Hm, OK. I guess I don't want to make this project dependent on
rewriting statd.
So, other possibilities:
- Modify one of the other existing userland daemons.
- Make a separate daemon just for this.
- ditch the daemon entirely and depend mainly on hotplug-like
invocations of a userland program that exist after it handles
a single call.
>> Previous prototype code from CITI will be considered as a starting
>> point.
>>
>> Kernel<->user communication will use four files in the "nfsd"
>> filesystem. All of them will use the encoding used for rpc cache
>> upcalls and downcalls, which consist of whitespace-separated fields
>> escaped as necessary to allow binary data.
>
> In general, we don't want to mix RPC listeners and upcall file
> descriptors. mountd has to access the cache file descriptors to satisfy
> MNT requests, so there is a reason to do it in that case. Here there is
> no purpose to mix these two. It only adds needless implementation
> complexity and unnecessary security exposures.
>
> Yesterday, it was suggested that we split mountd into a piece that
> handled upcalls and a piece that handled remote MNT requests via RPC.
> Weren't you the one who argued in favor of getting rid of daemons called
> "rpc.foo" for NFSv4-only operation? :-)
Yeah. So I guess a subcase of the second option above would be to name
the new daemon "nfsd-userland-helper" (or something as generic) and
eventually make it handle export upcalls too. I don't know.
>> Before starting the server, and writing to allow_client, statd will
>> manage boot times and old clients using files in /var/lib/nfs:
>>
>> If boot_time exists:
>> - It will be read, and the contents interpreted as an
>> ascii-encoded unix time in seconds.
>> - All client records older than that time will be removed.

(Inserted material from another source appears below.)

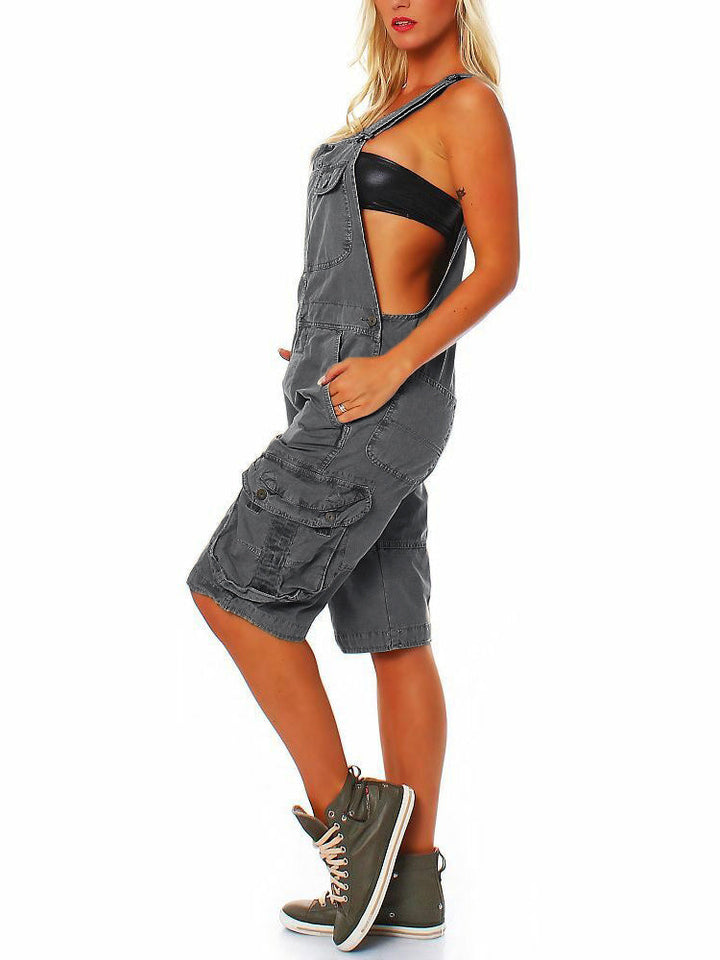 SARA | Verstellbare Denim-Latzhose für Damen mit Cargotaschen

>> - The current boot_time will be recorded to
>> new_boot_time (replacing any existing such file).
>> - All remaining clients will be written to allow_client.
>> If boot_time does not exist, an empty /var/lib/nfs/v4clients/ is
>> created if necessary, but nothing else is done.
>
> Since I've split out the pieces of statd that manage its on-disk file
> format (see support/nsm/file.c) it shouldn't be difficult to
> copy-n-paste the pieces needed to construct /var/lib/nfs/v4clients.
>
> I have some additional patches for statd that can detect system reboots,
> but again, it would be better perhaps to design for "server nfs restart"

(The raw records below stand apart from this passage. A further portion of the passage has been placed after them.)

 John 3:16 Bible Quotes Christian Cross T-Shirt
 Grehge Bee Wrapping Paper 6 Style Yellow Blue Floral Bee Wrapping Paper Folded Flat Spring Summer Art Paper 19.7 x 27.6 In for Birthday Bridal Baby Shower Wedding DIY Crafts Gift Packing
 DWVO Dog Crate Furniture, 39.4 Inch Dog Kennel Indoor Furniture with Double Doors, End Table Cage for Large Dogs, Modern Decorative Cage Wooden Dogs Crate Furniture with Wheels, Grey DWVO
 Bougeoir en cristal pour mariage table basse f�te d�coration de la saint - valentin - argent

> rather than a full system reboot.
OK.
>
>> Statd will then wait for create_client, expire_client, and grace_done
>> calls. On grace_done, it will rename boot_time to old_boot_time, and
>> new_boot_time to boot_time.
>
> Although it's noble to attempt to reuse old code in this way, I think
> you will be far better off constructing and using a proper scaffold for
> dealing generically with cache upcalls. By doing this we avoid the
> complexity of updating working legacy code, and have a better chance for
> building something that scales well right off the bat. This is new
> code, so why chain yourself to legacy problems?
>
> A starting place could be the work Trond is doing to replace idmapd.
OK, thanks for the review.
--b.
On Mar 8, 2010, at 8:46 PM, J. Bruce Fields wrote:
> The Linux server's reboot recovery code has long-standing
> architectural
> problems, fails to adhere to the specifications in some cases, and
> does
> not yet handle NFSv4.1 reboot recovery. An overhaul has been a
> long-standing todo.
>
> This is my attempt to state the problem and a rough solution.
>
> Requirements
> ^^^^^^^^^^^^
>
> Requirements, as compared to current code:
>
> - Correctly implements the algorithm described in section 8.6.3
> of rfc 3530, and eliminates known race conditions on recovery.

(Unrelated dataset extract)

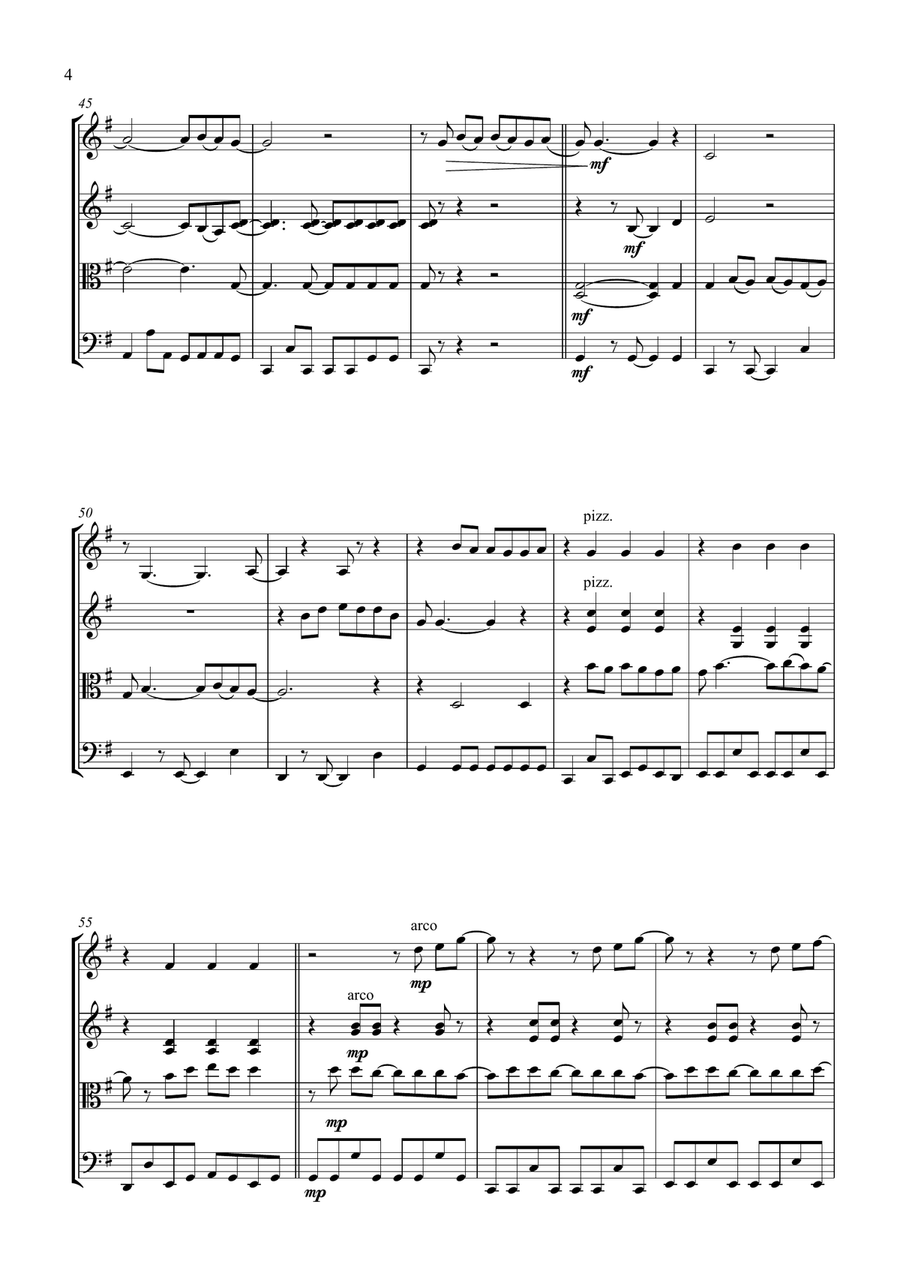 Accidentally In Love String Quartet scores gallery preview page 4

> - Does not attempt to manage files and directories directly from
> inside the kernel.
> - Supports RECLAIM_COMPLETE.
>
> Requirements, in more detail:
>
> A "server instance" is the lifetime from start to shutdown of a
> server;
> a reboot ends one server instance and starts another. Normally a
> server
> instance consists of a grace period followed by a period of normal
> operation. However, a server could go down before the grace period
> completes. Call a server instance that completes the grace period
> "full", and one that does not "partial".
>
> Call a client "active" if it holds unexpired state on the server.
> Then:
>
> - An NFSv4.0 client becomes active as soon as it succesfully
> performs its first OPEN_CONFIRM, or its first reclaim OPEN.
> - An NFSv4.1 client becomes active when it succesfully performs
> its first OPEN, or a RECLAIM_COMPLETE.
RFC 5661 in section 18.51.3
Whenever a client establishes a new client ID and before it does the
first non-reclaim operation that obtains a lock, it MUST send a
RECLAIM_COMPLETE with rca_one_fs set to FALSE, even if there are no
locks to reclaim. If non-reclaim locking operations are done before
the RECLAIM_COMPLETE, an NFS4ERR_GRACE error will be returned.
So there will never be a 'first OPEN' (except for an OPEN reclaim)
without a RECLAIM_COMPLETE.
> - Active clients become inactive when they expire. (Or when
> they are revoked--but the Linux server does not currently
> support revocation.)
> - On startup all clients are initially inactive.
>
> On startup the server needs access to the list of clients which are
> permitted to reclaim state. That list is exactly the list of clients
> that were active at the end of the most recent full server instance.
>
> To maintain such a list, we need records to be stored in stable
> storage.
> Whenever a client changes from inactive to active, or active to
> inactive, stable storage must be updated, and until the update has
> completed the server must do nothing that acknowledges the new state.
> So:
>
> - When a new client becomes active, a record for that client
> must be created in stable storage before responding to the rpc
> in question (OPEN, OPEN_CONFIRM, or RECLAIM_COMPLETE).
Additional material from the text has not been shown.